What is the alternative that people here on this Council, who I know care a lot about South Sudan – many of us traveled together to the region a couple times over the last year – what is the alternative? Is the alternative just to trust that South Sudan’s leaders are going to change course? There are some really principled people in the South Sudanese government, and they are outnumbered or outranked. So there are those individuals, we all talked to them, we know that there are people of goodwill who would like to change course. But unfortunately, not least because of the actions of two of the people that we designated in the government, that has proven something that the government is not prepared to do.
So do we just sit on our hands until the government calls off the militias, to stop some of the most systematic sexual violence that we’ve seen in any conflict in our lifetimes?
The Council members who didn’t support this resolution are taking a big gamble. That South Sudan’s leaders will not instigate a catastrophe. If those Council members are wrong – and every report we have heard in this chamber suggests that they are – it is the people of South Sudan who will pay an unbearable price.
It was not an easy decision for us to table this resolution. We debated it deep into the night, in fact, because having a resolution that doesn’t pass, of course, is not how one wants to spend one’s day. And I think South Sudan is a country – and the South Sudanese people are watching this vote, and we knew the signal that this would send. But, at a certain point, drifting along and internalizing the constraints imposed by those Council members who don’t want to take the action in the face of this violence, that’s not an option. We learned that from Rwanda; we learned that from Srebrenica; we learned that from chapters past.

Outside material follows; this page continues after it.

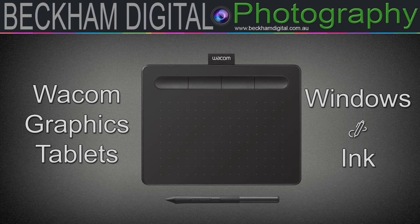Hello and welcome to this video, my name is Murray Beckham. I've had the most annoying problem recently using a Wacom graphics tablet and Windows 10.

The next time soldiers and armed groups fire on civilians, the next time the government prevents peacekeepers from going on patrol – which has probably already happened in the time that I’ve been speaking – the next time that a village goes hungry because the government withholds permission for an aid delivery, each of us will need to find a way to justify our response.
The leaders of South Sudan should not misinterpret this vote; all of us will be watching what happens on the ground closely. The abuses will continue to be publicized; we will continue to hear appeals from the United Nations about what they feel they need in order to reduce violence on the ground; we will be relentless, still, in demanding accountability. And we will be ready to return to this Council to vote again on the proposed arms embargo and targeted sanctions as soon as those who did not support action today come to understand the human cost of imposing no cost for attacking civilians, for importing massive amounts of arms instead of feeding one’s people, and for not pursuing the cause of peace.
All of us has an opportunity to make an explanation of vote today. I’d be very grateful for those who abstained on the resolution to clarify what will it take. What will it take? Or, if it isn’t what’s in this resolution, what are you for that we haven’t already tried? Thank you.